The tradition of philosophical ethics has a long and rich history. The word “ethics” is derived
from the Greek ἦθος [ethos], meaning the development of one’s character, values, and conduct.
This course will examine the structure of certain “ethical” questions through a selection of
readings in the history of philosophy. These questions include, but are not limited to: What does
it mean to be an ethical subject? How are and how should one’s individual or collective values
and conducts be determined? Are ethical concerns and responses defined by social and political
contexts? Do our physical bodies in their diverse states in some way affect our ethical questions?
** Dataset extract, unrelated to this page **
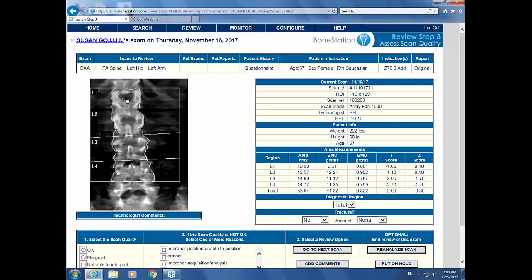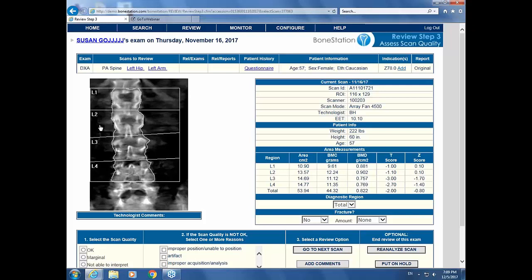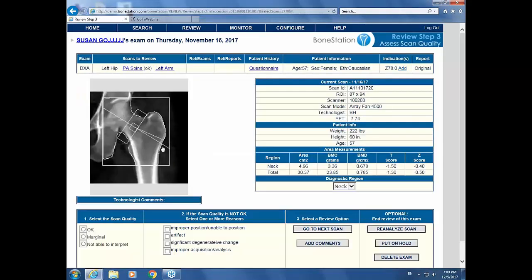ISCD guidelines are that we report the spine and the hip, and we report the forearm if the patient has hyperparathyroidism or if there is some limitation to the spine or the hip. In this case, the technologist correctly recognized sclerotic changes in the spine and acquired a wrist. On the hip, the femoral neck box is nicely up against the greater trochanter, the femoral midline is correctly placed, and very little of the lesser trochanter is seen. I'm happy with the technical adequacy.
This course will begin with readings from both Ancient Greece and Rome where the question of
ethics was posed in regard to the constitution of the individual as a subject of “virtue.” From
Aristotle to the Roman Stoics, these inquiries focused on the different techniques and principles
that an ethical subject must necessarily adopt in relation to the human “passions” if one is to live
a “good life.” (We will give special consideration to the passions of pleasure and hunger.) We will
then move to the modern era in order to examine how this conflict became intertwined with the
concept of reason. We will then read a number of highly provocative texts that attempt to locate
the origin of our value-claims, and the form of relation to ourselves, in certain historical and
political contexts. Finally, we will conclude the course with a film viewing that takes up many of
these ethical themes within the context of the prison system. The aim of the course is both to
introduce students to important texts in the history of the philosophy that have approached the
question of ethics, as well as to examine the different ways in which ethics as a field is tied up with
other social, political, and even biological questions.